▶ **Instructions to follow**
Nothing but the lines below from the one holding "Монітор ASUS ProArt PA27JCV" up to and including the one holding "Girls Trouser" should be copied, exactly and without pictures.
START Source data
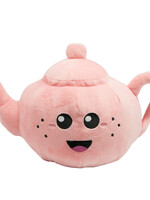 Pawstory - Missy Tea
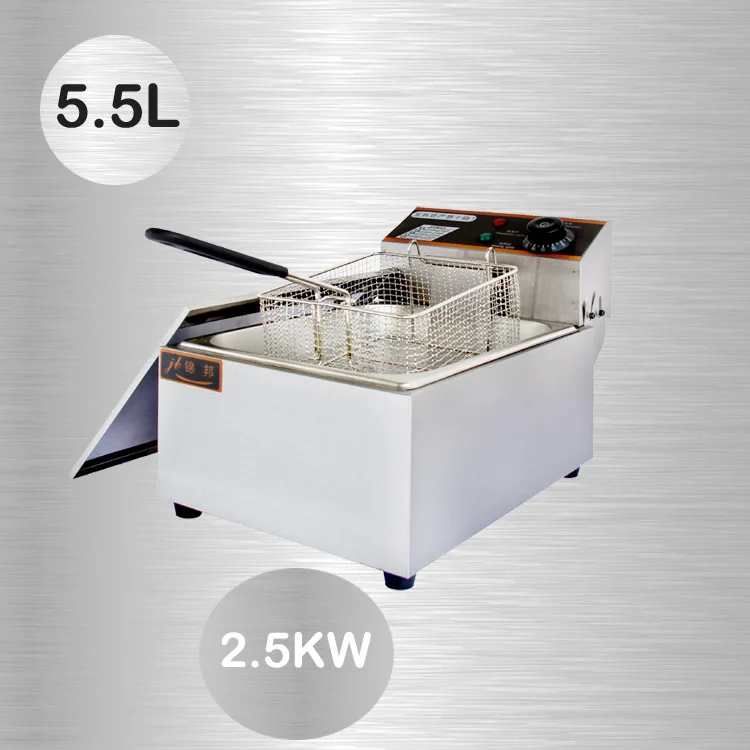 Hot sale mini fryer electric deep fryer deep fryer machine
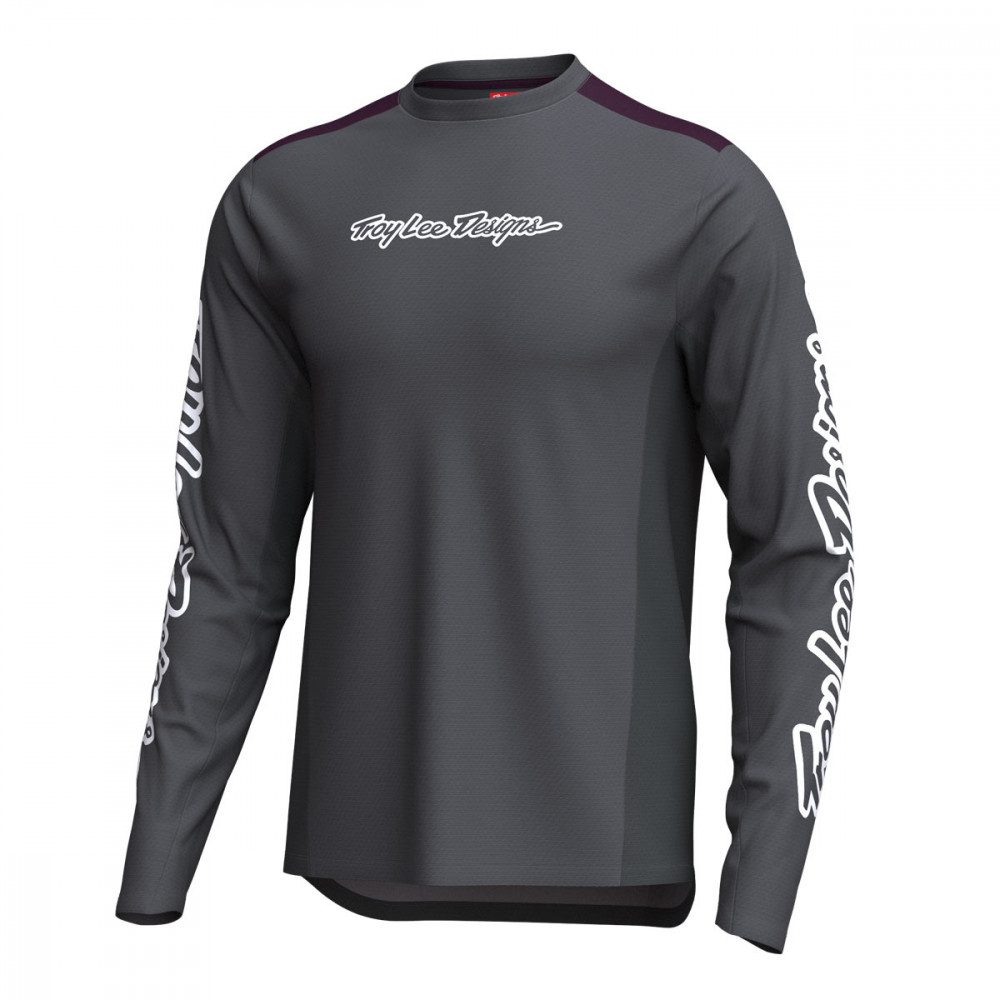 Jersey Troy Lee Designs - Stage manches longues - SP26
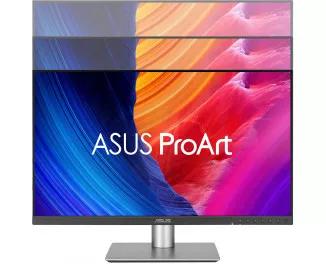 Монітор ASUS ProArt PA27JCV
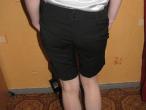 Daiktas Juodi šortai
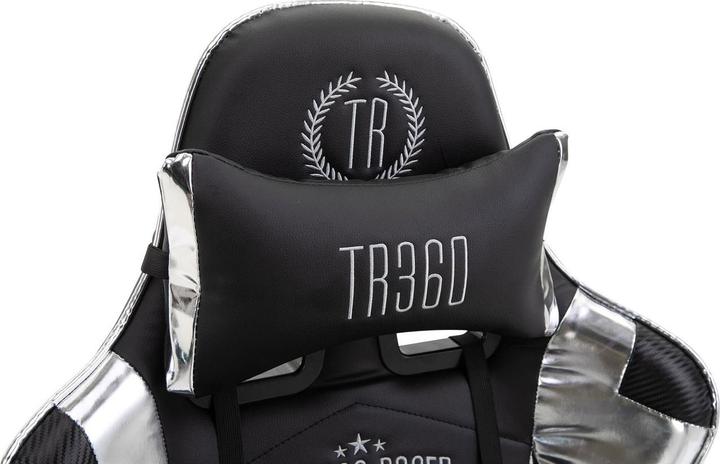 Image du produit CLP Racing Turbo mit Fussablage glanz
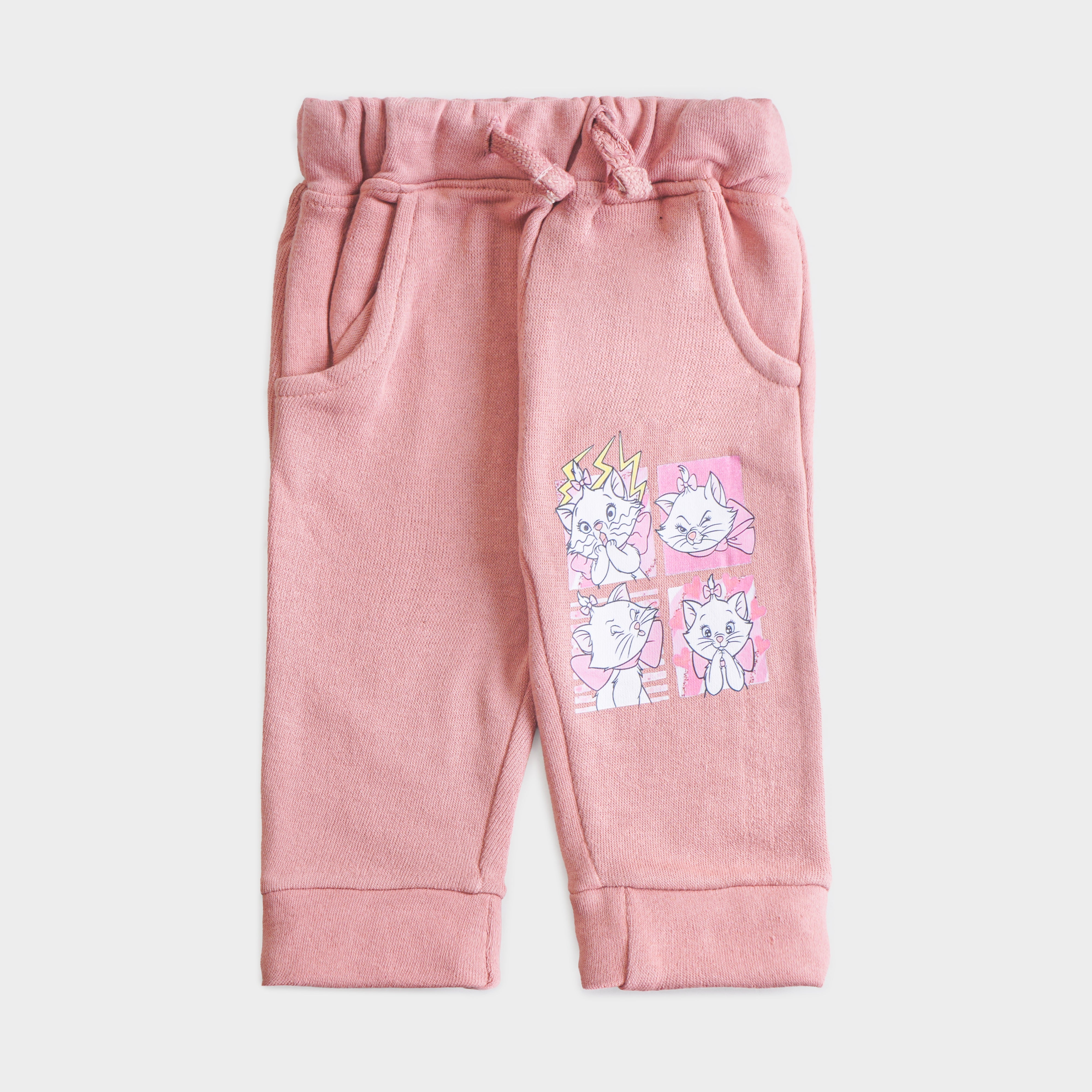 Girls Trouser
END Source data
START Source data
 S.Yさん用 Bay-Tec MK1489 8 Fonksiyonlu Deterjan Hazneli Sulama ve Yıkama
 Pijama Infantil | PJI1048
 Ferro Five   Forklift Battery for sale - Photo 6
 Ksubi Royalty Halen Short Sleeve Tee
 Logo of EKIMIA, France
END Source data
▶ **Response box**
 Монітор ASUS ProArt PA27JCV
 Daiktas Juodi šortai
 Image du produit CLP Racing Turbo mit Fussablage glanz
 Girls Trouser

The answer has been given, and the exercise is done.